ITAT MUMBAI BENCH 'B'

 

IT APPEAL NOS. 4010 & 4011 (MUM.) OF 2014
[ASSESSMENT YEARS 2010-11 AND 2011-12]

 

Neo Sports Broadcast (P.) Ltd.......................................................................Appellant.
v.
Commissioner of Income-tax (TDS), Mumbai ..............................................Respondent

 

R.C. SHARMA, ACCOUNTANT MEMBER 
AND RAM LAL NEGI, JUDICIAL MEMBER

 
Date :FEBRUARY  19, 2016 
 
Appearances

Dr. K. Shivram for the Appellant. 
N.P. Singh for the Respondent.


Section 194A read with section 263 of the Income Tax Act, 1961 — TDS — Assessee was not liable to deduct TDS under section 194A as a holding company provided bank guarantees for benefit of assessee and its reimbursement by assessee would not come under the purview of interest — Neo Sports Broadcast P Ltd. vs. Commissioner of Income Tax.


ORDER


R.C. Sharma, Accountant Member - These are the appeals filed by the assessee against the order of CIT, Mumbai, for the assessment years 2010-11 & 2011-2012, in matter of order passed u/s.263 of the I.T. Act.

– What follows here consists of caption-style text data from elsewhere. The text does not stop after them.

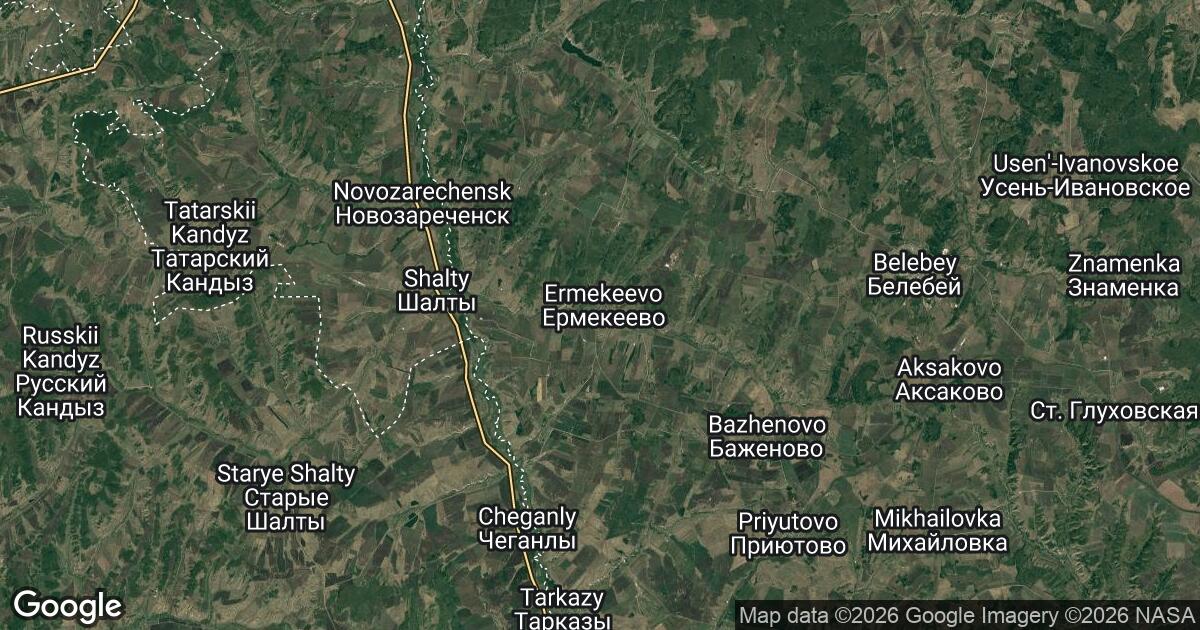 194.67.0.0 Yermekeyevo, Bashkortostan Republic, 🇷🇺 Russia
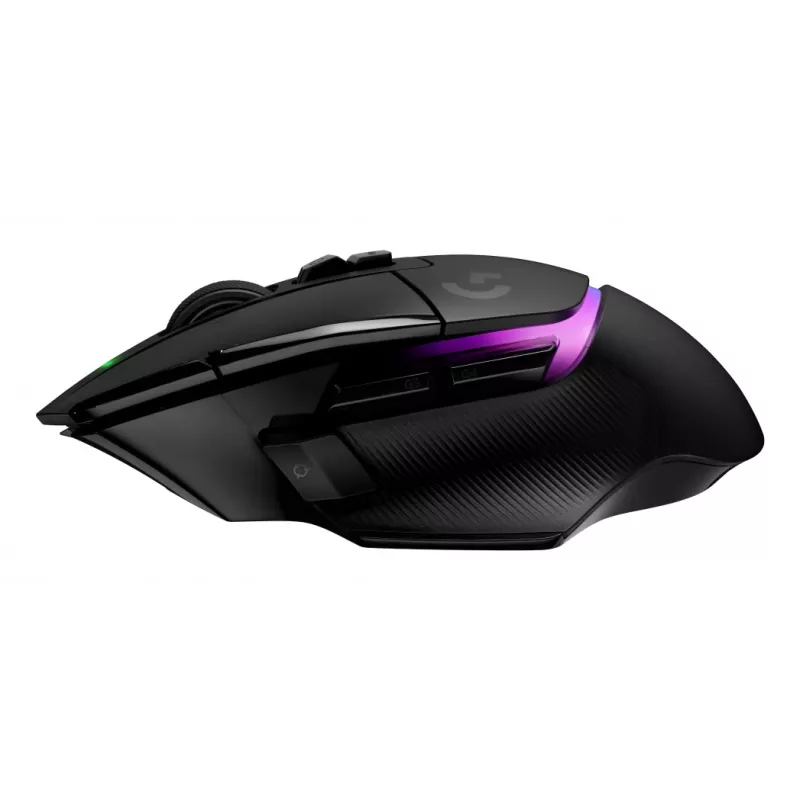 LOGITECH G502 X Plus Mouse da gaming nero/Premium Eer2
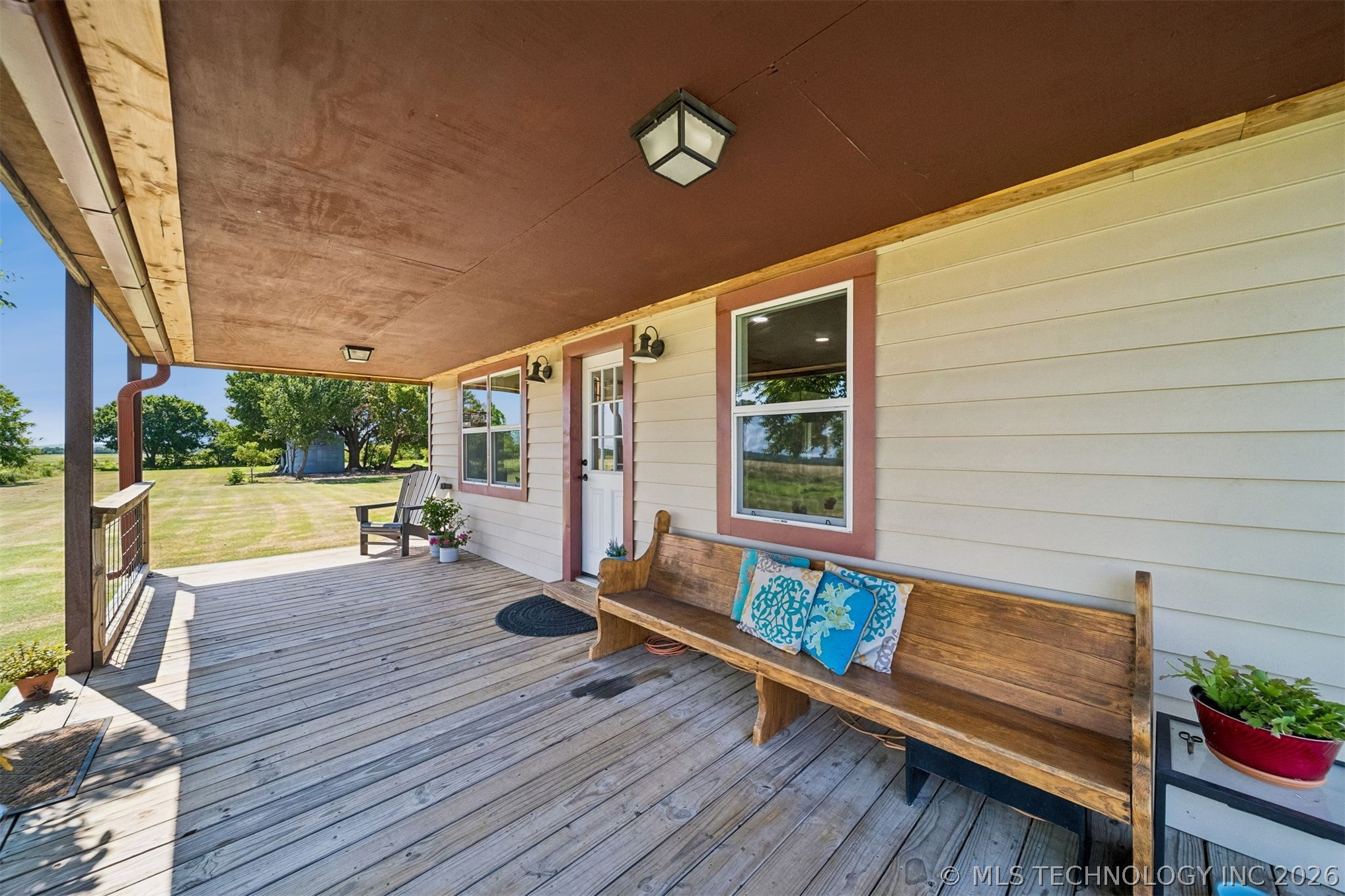 5083 N 3775 Calvin OK 74531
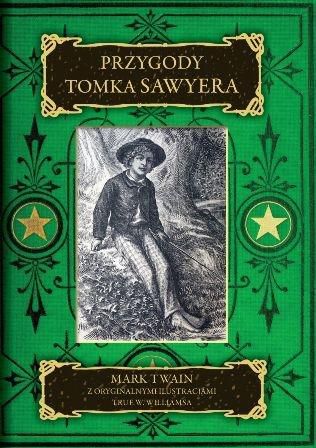 Przygody Tomka Sawyera 204330 (9788377311943) Literatūra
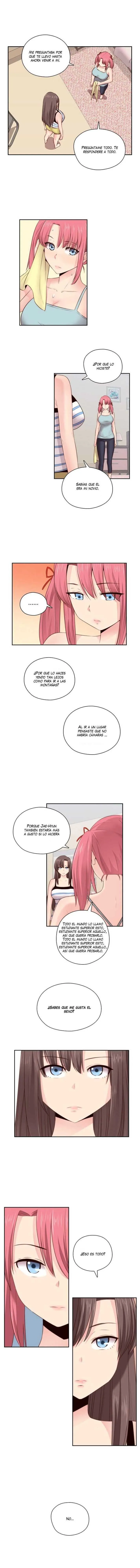 Hentai Campus Capítulo 54 - Page 10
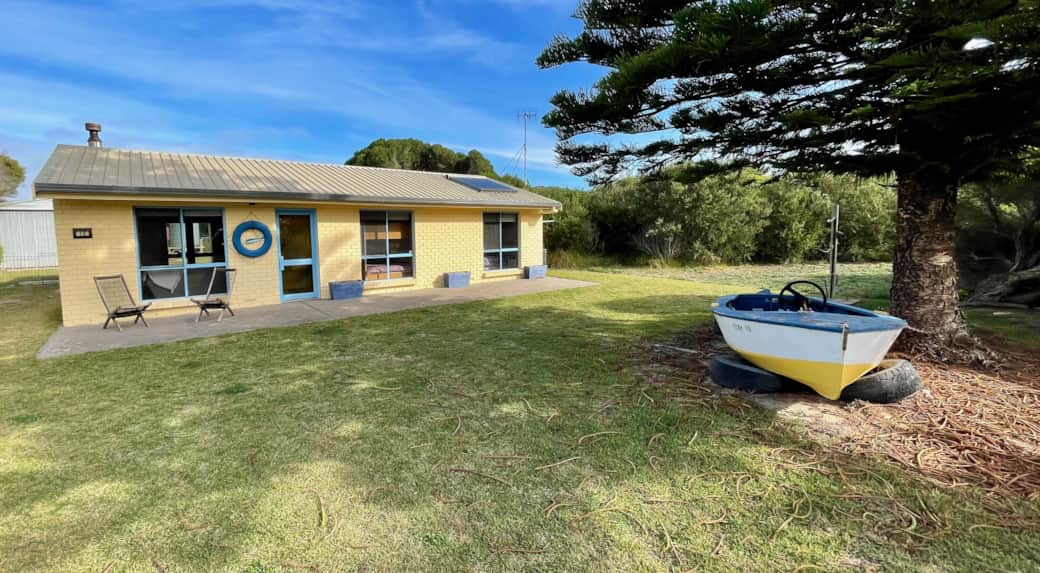 Goolwa Beachfront Holiday Pet Friendly.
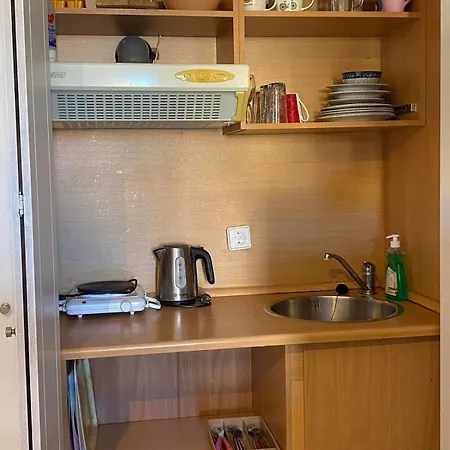 Ξενοδοχείο με διαμερίσματα Residents Ionian Αργοστόλι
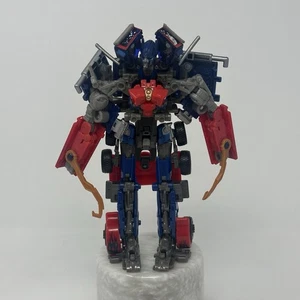 Transformers Dark Of The Moon Voyager Optimus Prime komplett DOTM Movie Walmart - Bild 1 von 7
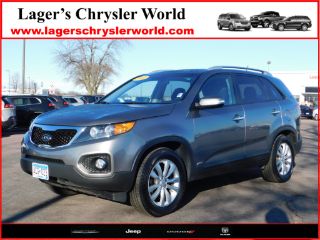 Used 2011 Kia Sorento LX in Mankato, Minnesota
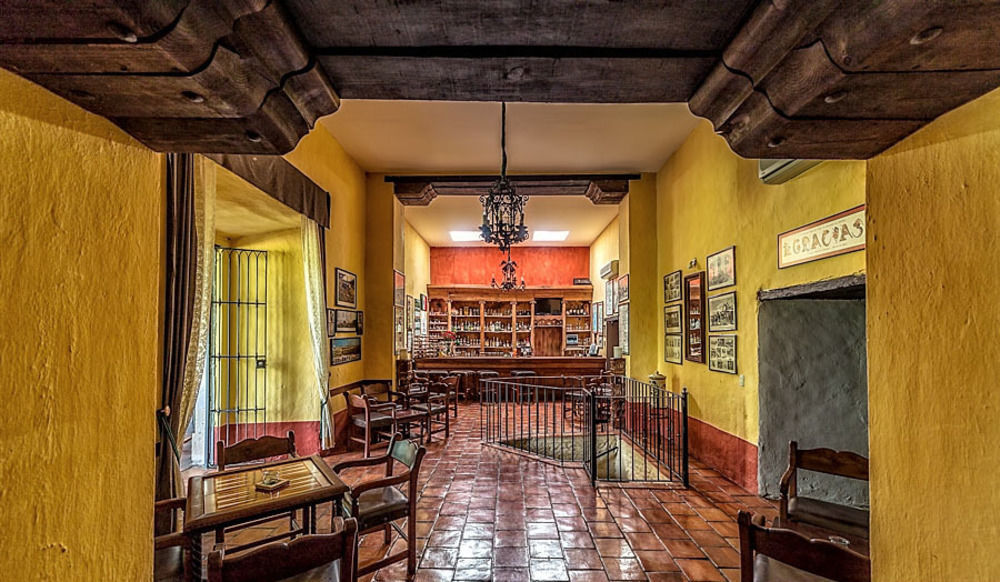 Teuchitlán Hacienda El Carmen Hotel & Spa מראה חיצוני תמונה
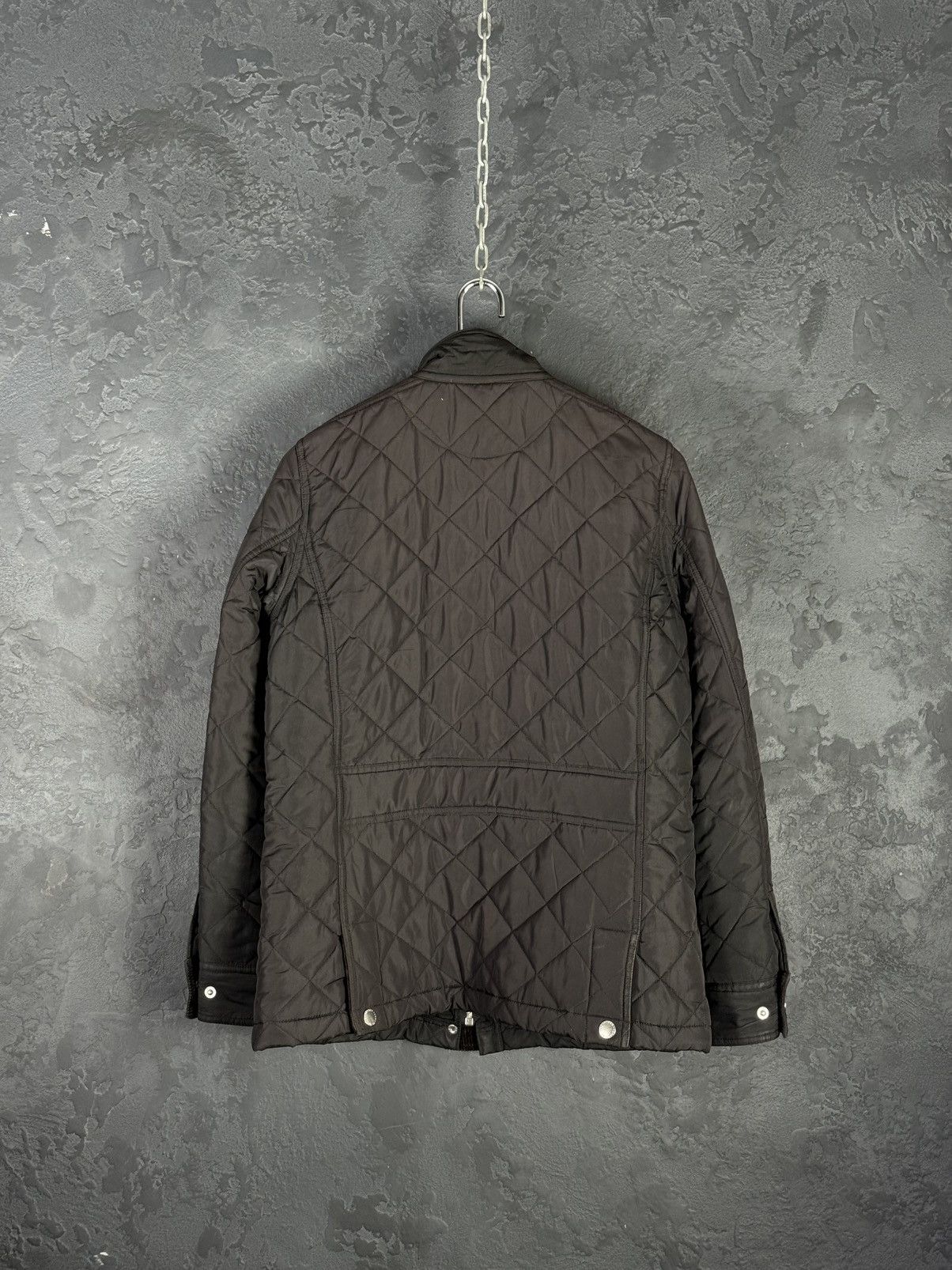 Lauren Ralph Lauren Ralph Lauren Exclusive Quilted Women's Jacket Vintage Size M / US 6-8 / IT 42-44 - 9 Thumbnail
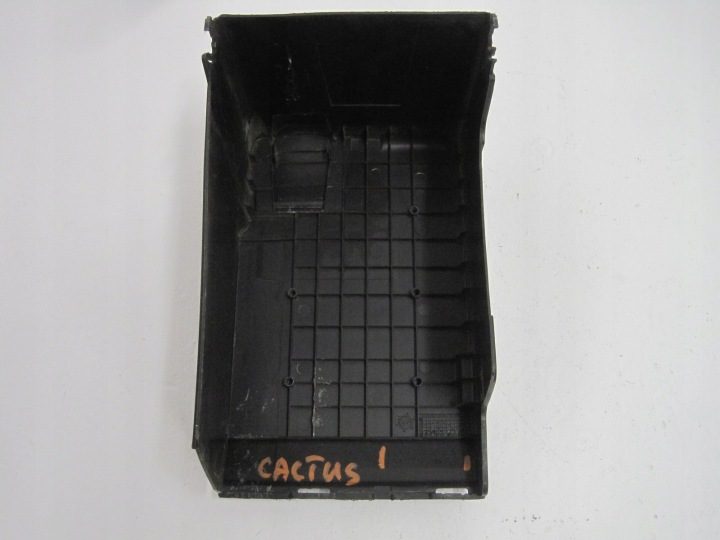 Крышка аккумулятора Citroen C4 Cactus 9688783080, фото 6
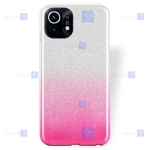 قاب ژله ای Xiaomi Mi 11 مدل اکلیلی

2. In both these appeals common grievance of assessee relates to CIT's direction to subject the reimbursement of bank guarantee commission u/s.194A @10%, in place of deduction done by the AO u/s.194C @2%.

3. Rival contentions have been heard and record perused. Facts in brief are that the assessee company is engaged in the business of broadcasting. It has two channels namely Neo Cricket and Neo Sports. The assessee(NEO) is a step-down subsidiary of Zenith Sports Pvt. Ltd., a subsidiary of Nimbus Communication Ud.(NCL), the main company of the Nimbus Group. The group is engaged in the business of acquiring telecast rights of BCCl's Cricket matches, apart from IPL, being organized in India and broadcasting the same through two of its sports channels namely Neo Sports(exclusively within Indian territory) and Neo Cricket (lndia as well as its neighbouring countries). The NCL has acquired the telecast rights from BCCI in respect of cricket matches played in India for which as per terms of agreement between BCCI and NCL, NCL was under obligation to provide for the Bank Guarantee to BCCI for Rs.2000 Crore. To secure this, NCL has been paying Bank Guarantee Commission (BGC) to various banks year after year as per agreed terms. NCL has entered into another agreement with the assessee (NEO) for telecast of the cricket matches for which NCL has set a condition that 80% of the BGC has to be reimbursed to it by the assessee. Accordingly during the F.Y.2009-10 relevant to A.Y.2010-2011 the assessee reimbursed Rs.21,31,28,582/- to Nibus Communication Limited(NCL). No tax has been deducted at source on these payments by the assessee. In order passed u/s.201(1)/201(1A) dt.18.03.2012, ITO(TDS)-2(4) treated that these payments are subject to TDS u/s.194C and passed order accordingly. However, the CIT did not accept the provisions of Section 194C invoked by the AO and held that payment of bank guarantee commission was in the nature of interest, therefore, assessee was liable for deduction of tax at source @10% u/s.194A. As per CIT, the order passed by AO was erroneous as well as prejudicial to the interest of revenue. Against this order of CIT u/s.263, the assessee is in further appeal before us.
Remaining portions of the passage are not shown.